Fri 20 Mar 2015 8:06am GMT / 4:06am EDT / 1:06am PDT
DevelopmentGDC 2015

Former Epic president on the massive difficulties in development today and why he happily spoke at Unity's GDC presentation

Having overseen blockbusters like Gears of War and Infinity Blade as the former president of North Carolina's Epic Games, Mike Capps knows a thing or two about games engines and what it takes to make a hit game. It's been over two years since he left Epic, and while he's served on the board of the Academy of Interactive Arts & Sciences and companies like Sphero, he's not looking to start up a game studio or get directly involved in development again. He's been doing some free consulting for friends in the industry but Capps made it crystal clear that he wants no part of actual development.

"Everyone assumed I was going to start a game studio when I left Epic. I was like, 'I was already at the best game studio in the world. Why would I ever leave to start up a new game studio?' So, yeah, that's really hard work," he told GamesIndustry.biz during GDC.

Capps labeled himself "semi-retired" and he's enjoying the freedom of spending more time with his family, but there's another major reason he's not looking to develop a game right now: it's simply too risky. Yes, there are more opportunities for developers now than ever before, but it's also harder than ever to become very successful.

"There was room for million-unit selling console games 5 or 6 years ago and there's no room for it anymore. You just can't make enough money now," he noted. "One of the reasons that I'm not starting a game studio... I think if I were to pick the 20 best developers I've ever worked with in my life - and those are some really good developers - and someone gave me $30 million or whatever it would take or $5 million to build an amazing mobile game and said go, I couldn't guarantee you a hit. I couldn't even guarantee you a 10 percent chance of a hit anymore. It's so hard and it's so luck based at this point.

"If you don't have that kind of predictability [in the market] it's a really bad investment of your time. So I'm scared as a game developer to think about making a game"

"No one can look at Crossy Road and say they seriously knew that that was going to be a hit. And so if you don't have that kind of predictability [in the market] it's a really bad investment of your time. So I'm scared as a game developer to think about making a game."

Capps' mindset is that building up an infrastructure and making a number of games becomes a safer bet. "You see companies like Gree or Kabam that kind of continuously have solid products. Some of them break out, some of them don't, but because they're building the infrastructure and a way of making games that they can kind of repeat that. They've got a methodology and sort of a structural advantage to making games. But one-shot hit-chasing in the video game business is scarier than it's ever been to me. The cool thing is anyone can do it, right? You can do it in your basement over a summer and it could be great. And that could mean that you're set for life if you do it perfectly.
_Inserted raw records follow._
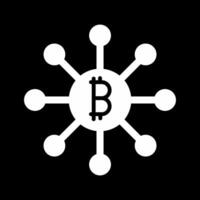 Digital Currency Vector Icon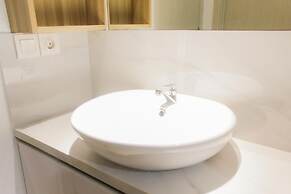 Brand New and Homey 2BR Meikarta Apartment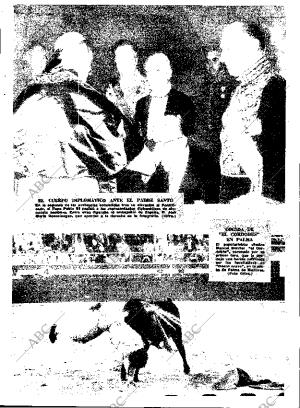 ABC MADRID 26-06-1963 página 5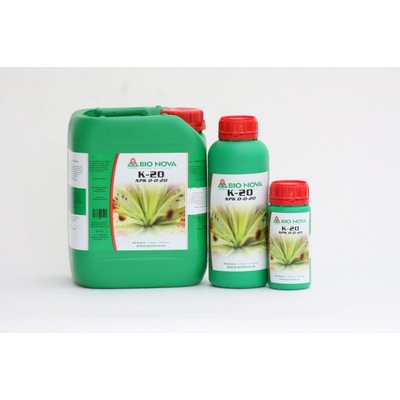 Bio Nova K20% 250ml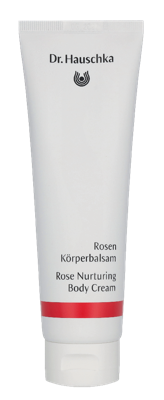 Dr. Hauschka Rose Nurturing Body Cream 145 ml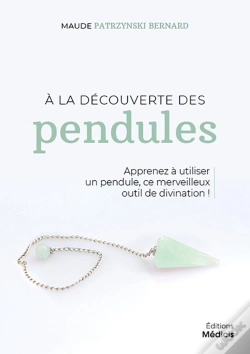 Capa do artigo À La Découverte Des Pendules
It was kind of nice back in my day where you had to know retail and you had to have a good relationship with Microsoft and Sony and all those things to be successful and you had to have very specialized talent to build the engine you needed," he continued.

Ironically, as the barriers to entry have been removed and more and more toolsets like Unity and Unreal and Source are free to use, the same democratization that's leveling the playing field is making it somewhat more challenging for veteran developers. The market is too crowded now. "A barrier to entry... was good for me as a game developer because we were breaking barriers where we could as an engine developer. As a game developer it's nice to not have as much competition," Capps acknowledged.

Speaking of engine developers, the toolset wars really heated up during GDC as Capps' old company set Unreal free, Valve announced Source 2 would be available for free, Autodesk got in the mix and Unity CEO John Riccitiello showed his feisty side, trash talking any engine maker that demands royalties from game makers. Interestingly, Capps took the stage during Unity's presentation, which certainly raised a few eyebrows.

"Epic did not ask me to come up on stage, so I would've happily done it for them too," Capps asserted. "So it was a little bit of 'I went to the dance with them because they politely asked.' It was fun. They were actually really nice guys. I'd never met anyone at Unity because they were DC and I was Marvel, so why would I know any of them? So it was actually kind of neat to meet some of their team. There are some pretty talented guys there."

While John Riccitiello was quick to call out royalties as being akin to free-to-play whale hunting, Capps was a bit more diplomatic when we asked him to offer his thoughts on the tools scene.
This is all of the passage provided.